About Costa Rica (CR)
The Central American country of Costa Rica (CR), along with its southern neighbor, Panama, is located on the land bridge that joins (or separates) the North and South American continents. With dual coastlines on both the Atlantic and Pacific Ocean, Costa Rica is known for glittering white sand beaches, as well as an abundance of national parks and wildlife reserves. Over the course of several decades, Costa Rica has established itself as one of the top nature travel destinations — now commonly called ecotourism. Despite a miniscule land mass footprint, roughly 5 percent of the planet’s biodiversity is found in Costa Rica. Fauna and flora enthusiasts flock to Costa Rica, and birdwatching is one of the most popular activities on the island. Although a beacon of environmental conservation and sustainability, Costa Rica is also popular with travelers on the adventure circuit, offering a number of wilderness treks among the most challenging in the world. If that wasn’t enough reason to visit Costa Rica, they’ve got active volcanoes, too.

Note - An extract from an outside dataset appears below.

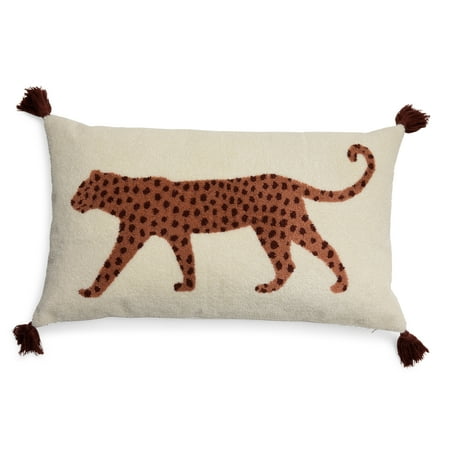 Walking Leopard Boucle Embroidered Decorative Throw Pillow, 24x14" by Drew Barrymore Flower Home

Getting around Costa Rica will most likely involve a journey originating in the capital city of San Juan, which establishes something of a trend. There’s driving in the urban core of the capital, and then there’s driving everywhere else. For the most part, major roads lead to the vicinity of a top destination or attraction, but few routes offer a simple, direct course of travel — access to beach resorts on the west coast being the exception. For example, the highway leading to one of Costa Rica’s most unique destinations, Parque National Tortuguero (Tortoise National Park), ends 10 km from the American Mediterranean coast, and the park is only reachable by boat or helicopter. Generally speaking, major roads are in good condition, but all other routes are textbook Latin American, i.e. wildly variable but typically on the rugged side of the spectrum. The Pan American Highway is the primary thoroughfare across the country, running roughly in a north-south orientation.
Choosing your car
Cheap car rentals in Costa Rica are provided by the most reliable names in car hire: National, Enterprise, Dollar, Hertz, Sixt, and Alamo. Choose from minicars, compact sedans and economy 3-door hatchbacks, intermediate and standard fullsize sedans, estate wagons, and 7-12 seaters. However, SUVs are the most popular car rentals in Costa Rica to hire.
Tips and advice
Driving at night in Costa Rica is highly inadvisable.

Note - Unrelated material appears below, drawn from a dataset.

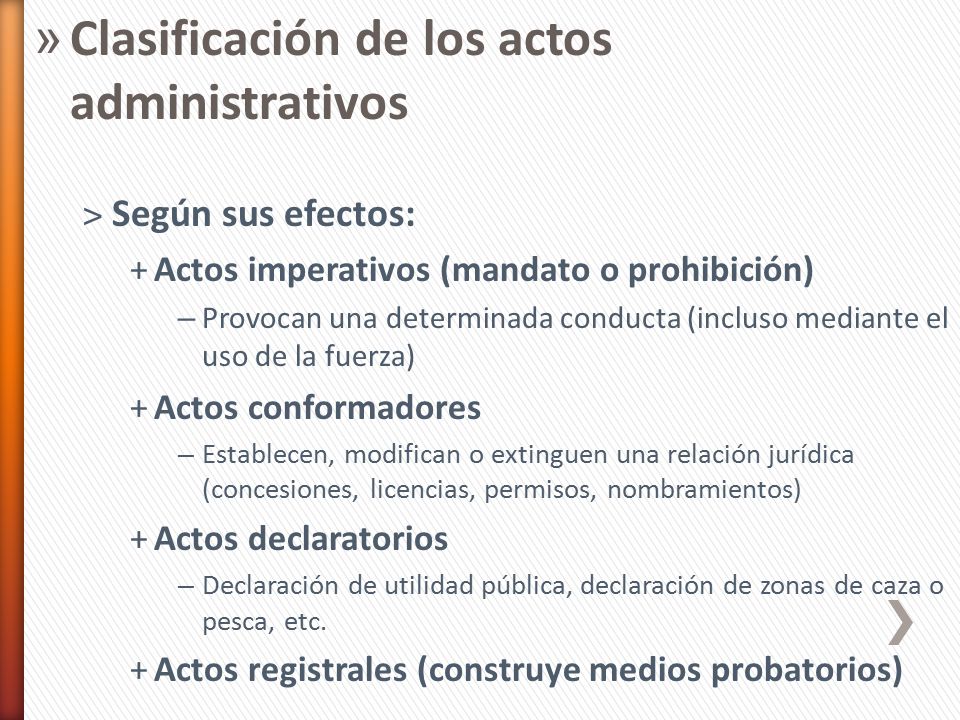 Clasificación de los actos administrativos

Perhaps not surprisingly, Costa Rica is the “greenest” country in the Americas, and also the most expensive in all of Latin America.

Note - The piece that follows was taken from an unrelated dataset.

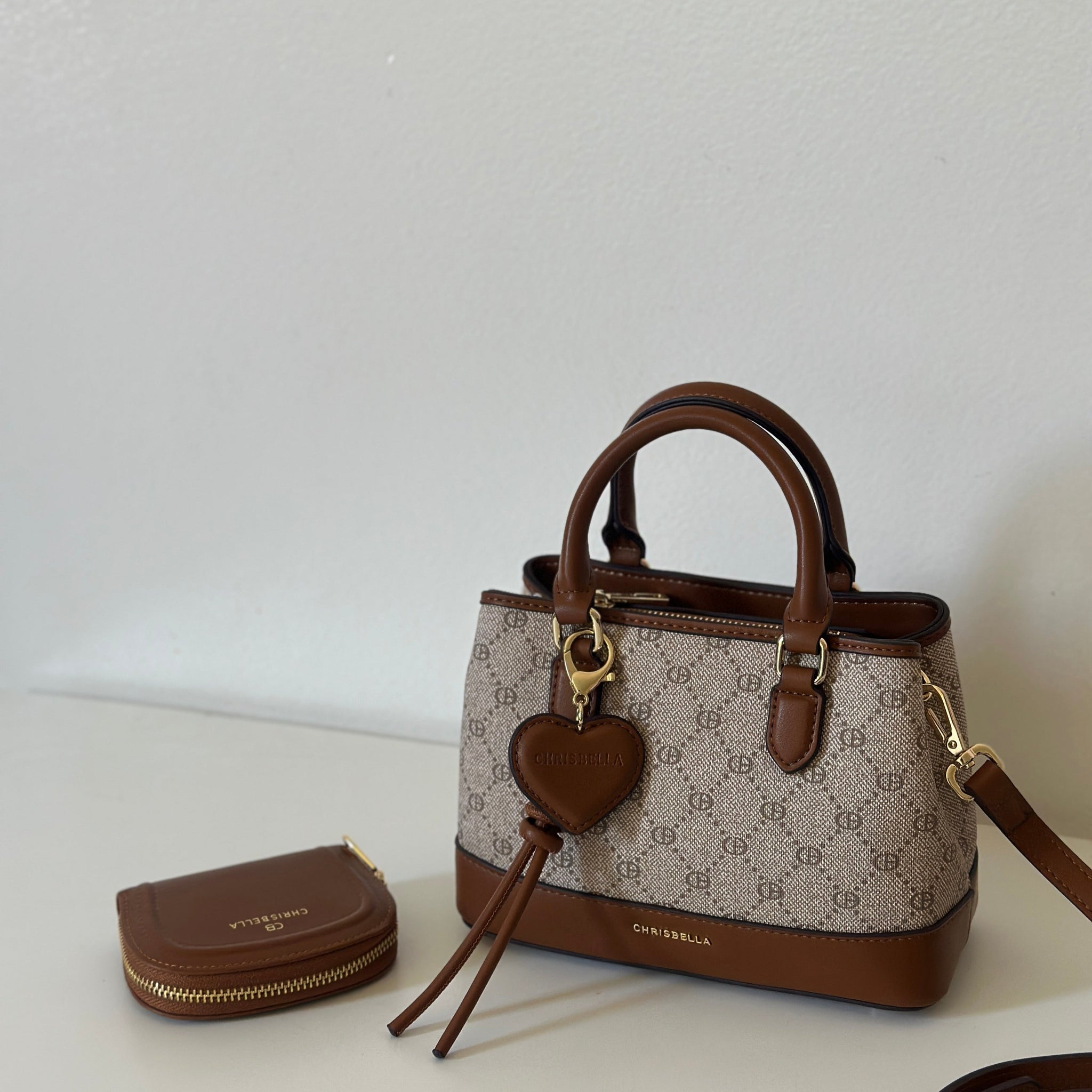 Chrisbella Monogram Mini Handbag With Heart Bling and Wallet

Experienced travelers with experience in dealing with Costa Rica car rentals advise all future renters to perform a thorough inspection of the vehicle prior to taking possession, and documenting all existing damage. There seems to be a pattern of unscrupulous rental agencies sticking customers with bills for damage they didn’t cause. You might not expect that from the big name vendors like Avis, but better safe than sorry.
Third-party liability insurance is required to rent a car in Costa Rica.
Costa Rica has an above-average rate of traffic accidents, most of which take place in San Jose and other bigger cities. Collisions aren’t unthinkable in other areas, but single vehicle accidents and damage from road conditions are much more common in rural areas.
The majority of destinations and attractions are located within 0-300 km driving distance of San Jose Juan Santamaria International Airport, but drive times typically max out around 70 km/h in ideal conditions.